It sounds like you are worried about some of the down sides of lazy evaluation. You want to ensure your fold, loop, recursion is handled in constant memory.
The iteratee libraries were created solve this problem,
pipes,
conduit,
enumerator,
iteratee,
iterIO.
The most popular and also recent are
pipes and
conduit. Both of which go beyond the iteratee model.
The
pipes library focuses on being theoretically sound in an effort to eliminate bugs and to allow the constancy of design open up efficient yet high levels of abstraction(my words not the authors). It also offers bidirectional streams if desired which is a benefit so far unique to the library.
The
conduit is not quite as theoretically as well founded as pipes but has the large benefit of currently having more associated libraries built on it for parsing and handling http streams, xml streams and more. Check out the conduit section at hackage in on the packages page. It is used
yesod one of Haskell's larger and well known web frameworks.
I have enjoyed writing my streaming applications with pipes library in particular the ability to make proxy transformer stacks. When I have needed to fetch a web page or parse some xml I have been using the conduit libraries.
I should also mention
io-streams which just did its first official release. It's aim is at IO in particular, no surprise it is in its name, and utilizing simpler type machinery, fewer type parameters, then
pipes or
conduit. The major down side is that you are stuck in the IO monad so it is not very helpful to pure code.
{-# language NoMonoMorphismRestriction #-}
import Control.Proxy
Start with simple translation.
map (+1) [1..10]
becomes:
runProxy $ mapD (+1) <-< fromListS [1..10]
The iteratee like offerings a little more verbose for simple translations, but offer large wins with larger examples.
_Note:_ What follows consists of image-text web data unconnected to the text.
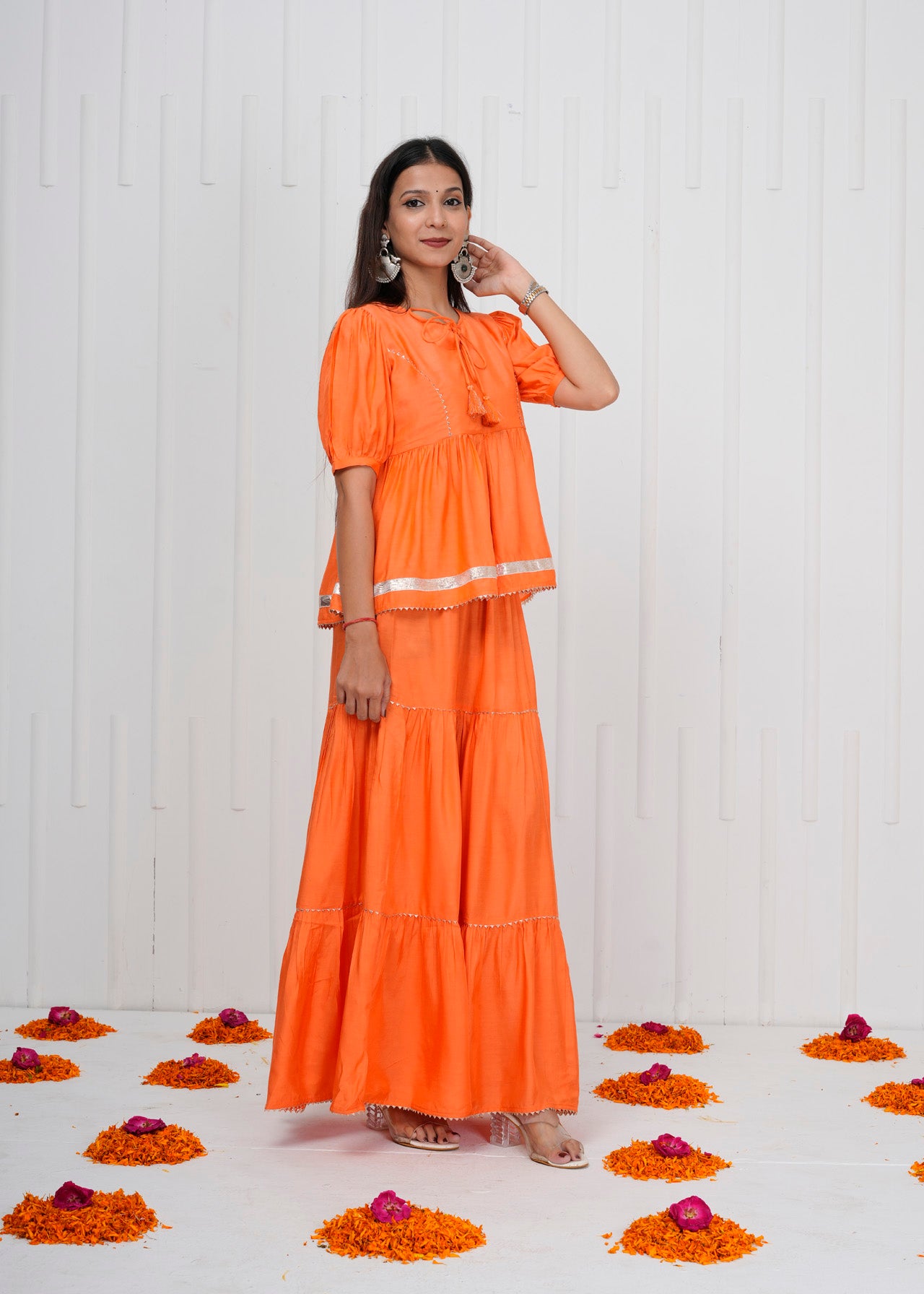 Orange Muslin Co-ord Set with Tiered Skirt & Peplum Top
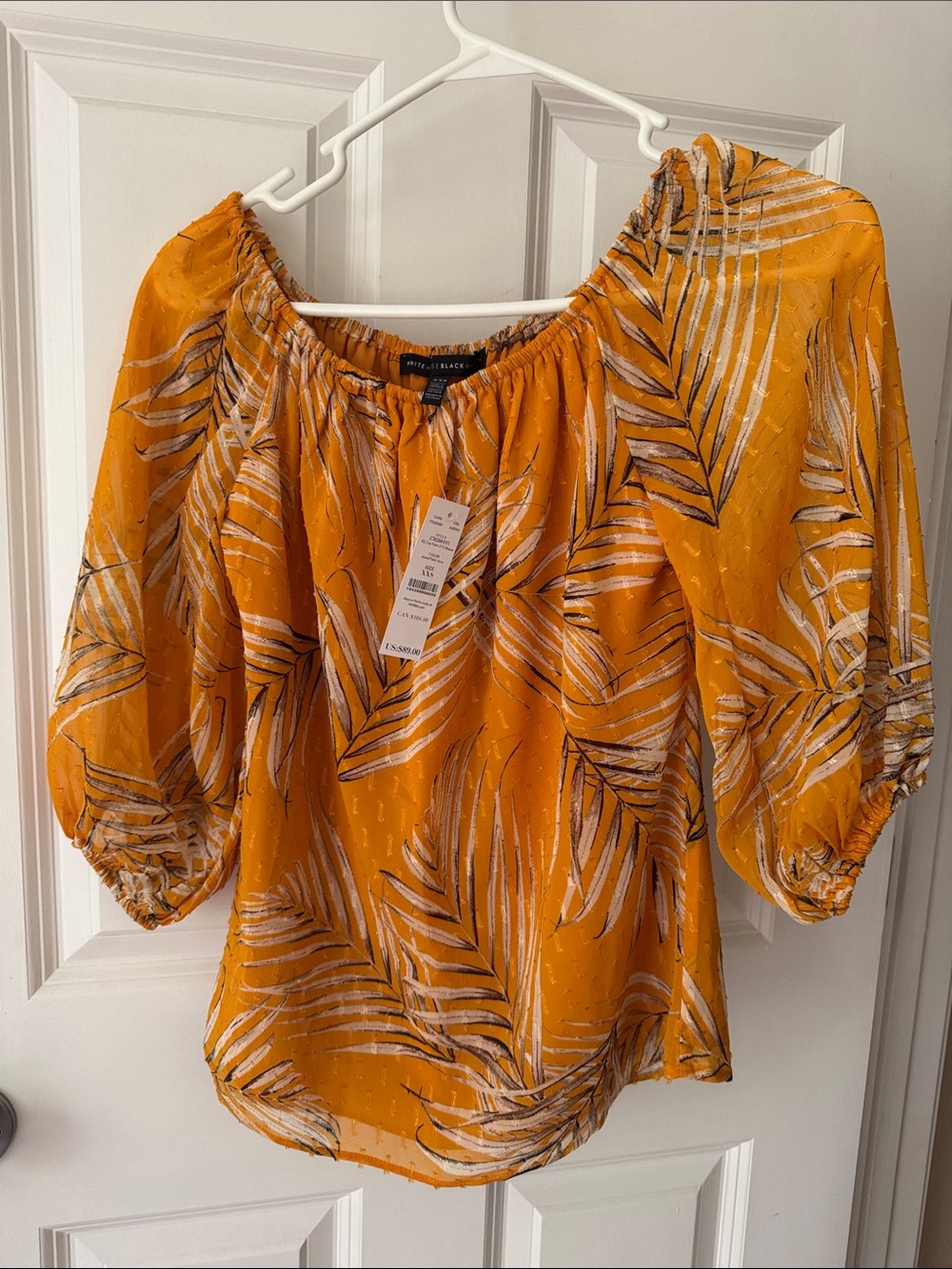 White House Black Market Mustard Orange Palm-Print Off-Shoulder Blouse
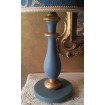 Vintage Blue and Gold Turned Wood Table Lamp with Rubelli Fabric Lamp Shade
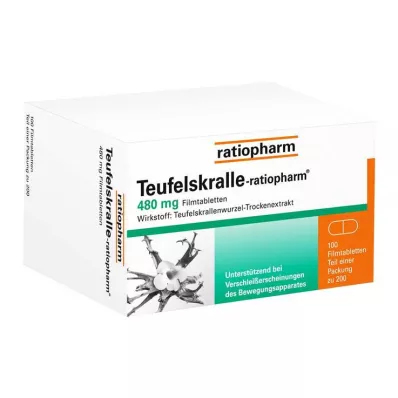 TEUFELSKRALLE-RATIOPHARM Plėvele dengtos tabletės, 100 vnt TEUFELSKRALLE-RATIOPHARM Plėvele dengtos tabletės, 100 vnt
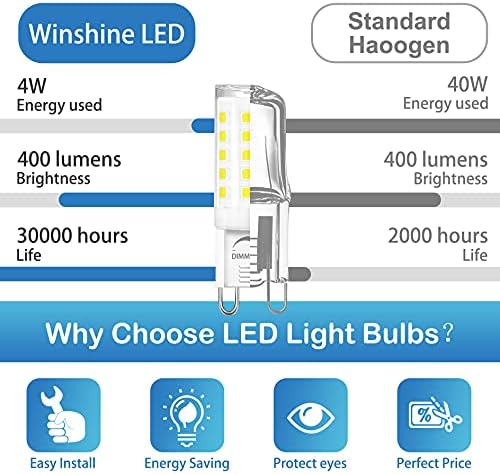 וינשיין 10 חבילות ו-5 חבילות ג '9 נורת לד ניתנת לעמעום 6000 קראט אור יום 4 וואט, 40 וואט ג' 9 הלוגן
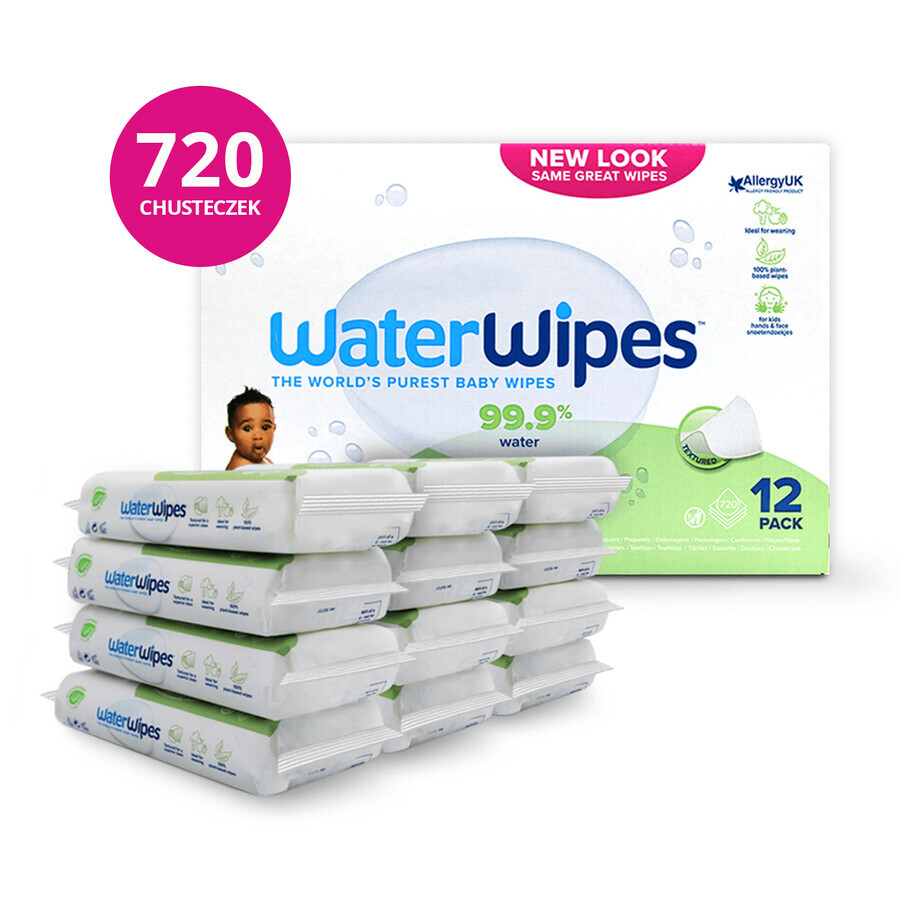 WaterWipes Soapberry Kids Bio, Feuchttücher, Wasser mit Seifenbeerenextrakt, ab Geburt, 12 x 60 Stück BESCHÄDIGTE VERPACKUNG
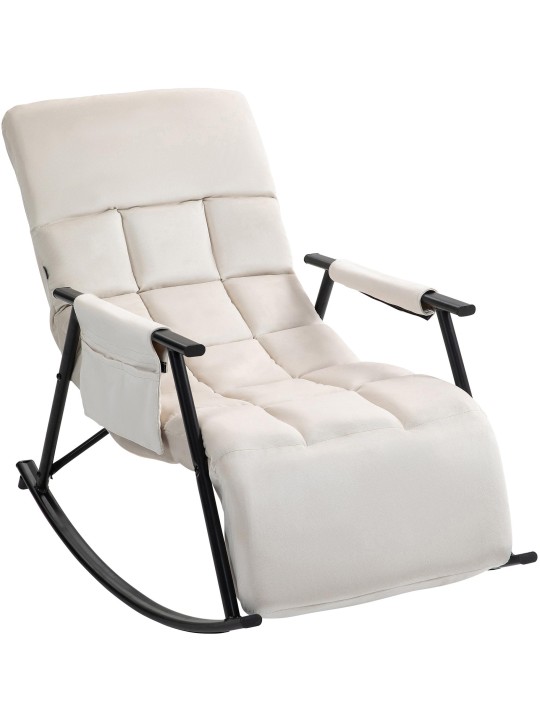 Gyngestol Cathy fløjl, creme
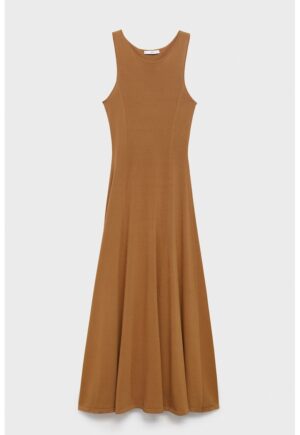 Rochie cu decolteu rotund si croiala in A - Caramel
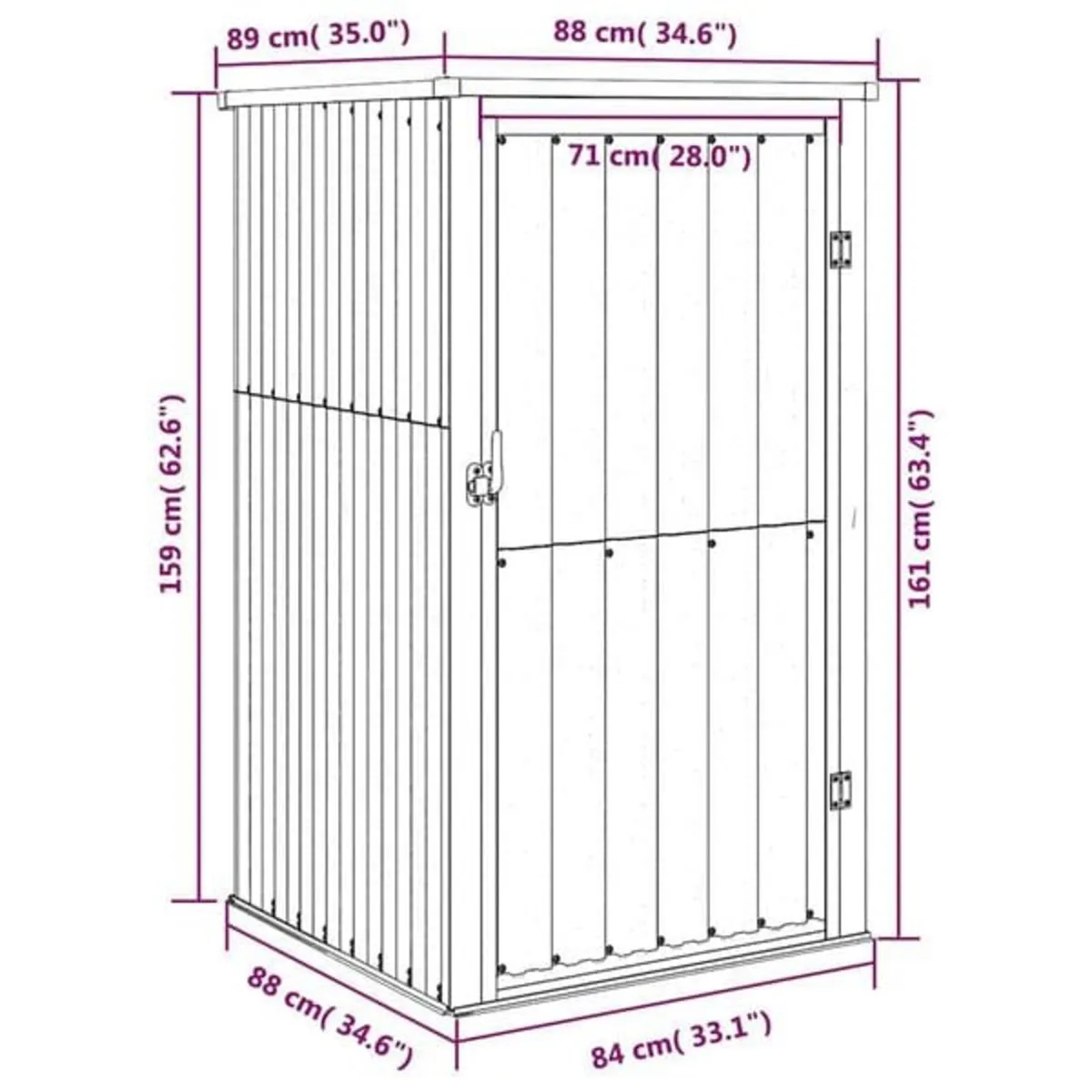Garden Tool Shed Brown 88x89x161 cm Galvanised Ste - Image 4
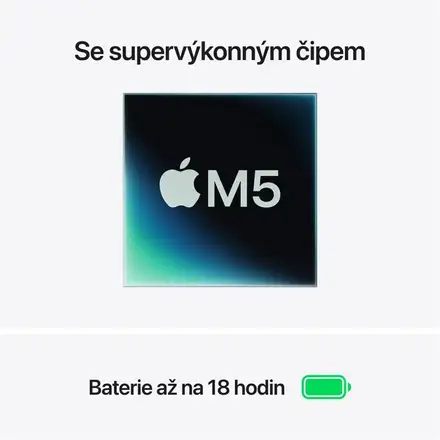 MacBook Air 13" Apple M5 10C CPU 8C GPU 16GB 512GB Strieborný INT English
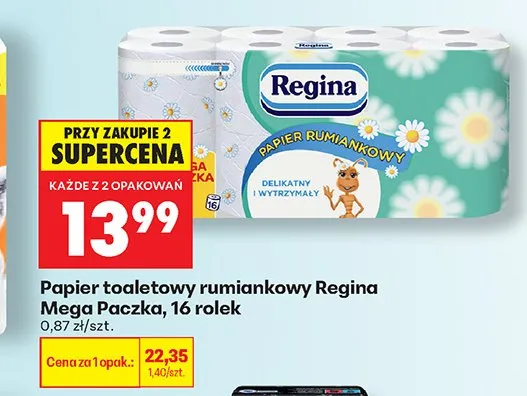 Papier toaletowy rumiankowy Regina Mega Paczka promocja w Biedronka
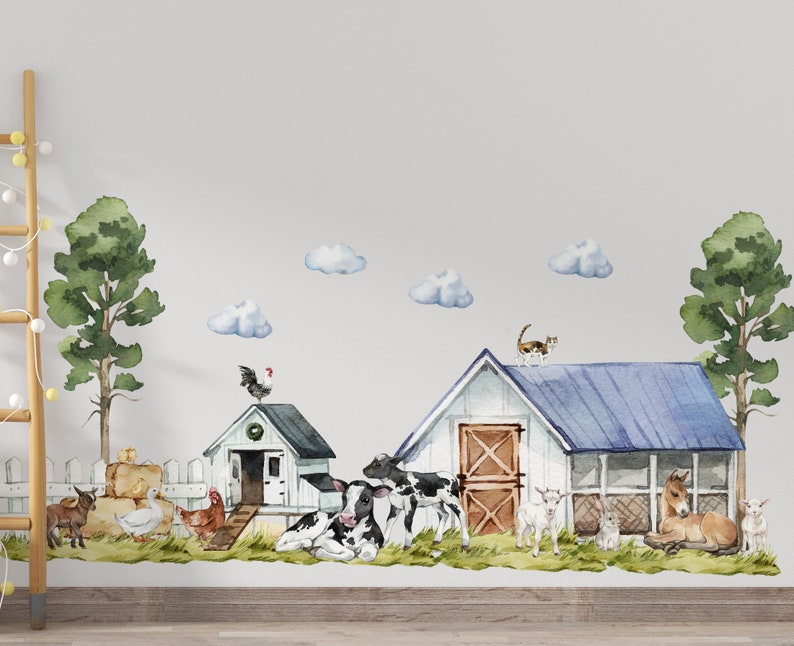 farm animal nursery decor with animals decal showing calf and chickens near fence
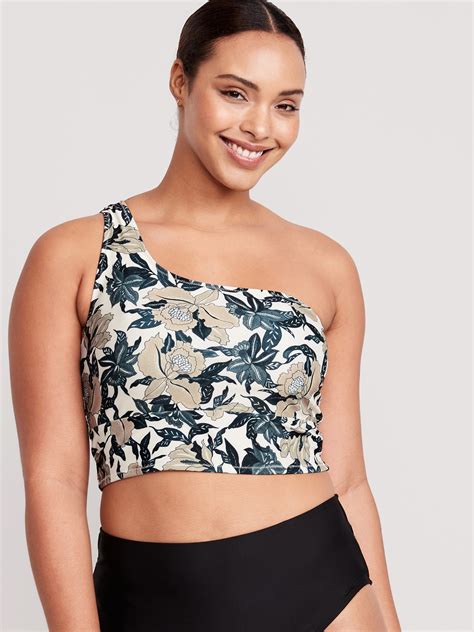 Matching One Shoulder Printed Longline Bikini Swim Top Old Navy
A example of a proxy, pipes library, that generates fibonacci numbers in constant sapce
fibsP = runIdentityK $ (\a -> do respond 1
respond 1
go 1 1)
where
go fm2 fm1 = do -- fm2, fm1 represents fib(n-2) and fib(n-1)
let fn = fm2 + fm1
respond fn -- sends fn downstream
go fm1 fn
These could streamed to the stdout with
runProxy $ fibsP >-> printD -- printD prints only the downstream values, Proxies are the bidirectional offer of the pipes package.
You should check out the proxy tutorial and the conduit tutorial which I just found out is now at FP Complete's school of Haskell.
One method to find the mean would be:
> ((_,l),s) <- (`runStateT` 0) $ (`runStateT` 0) $ runProxy $ foldlD' ( flip $ const (+1)) <-< raiseK (foldlD' (+)) <-< fromListS [1..10::Int]
> let m = (fromIntegral . getSum) s / (fromIntegral . getSum) l
5.5
Now it is easy to add map or filter the proxy.
> ((_,l),s) <- (`runStateT` 0) $ (`runStateT` 0) $ runProxy $ foldlD' ( flip $ const (+1)) <-< raiseK (foldlD' (+)) <-< filterD even <-< fromListS [1..10::Int]
edit: code rewritten to take advantage of the state monad.
update:
On more method of doing multiple calculation over a large stream of data in a compassable fashion then writing direct recursion is demonstrated in the blog post beautiful folding. Folds are turned into data and combined while using a strict accumulator. I have not used this method with any regularity, but it does seem to isolate where strictness is required making it easier to apply. You should also look at an answer to another question similar question that implements the same method with applicative and may be easier to read depending on your predilections.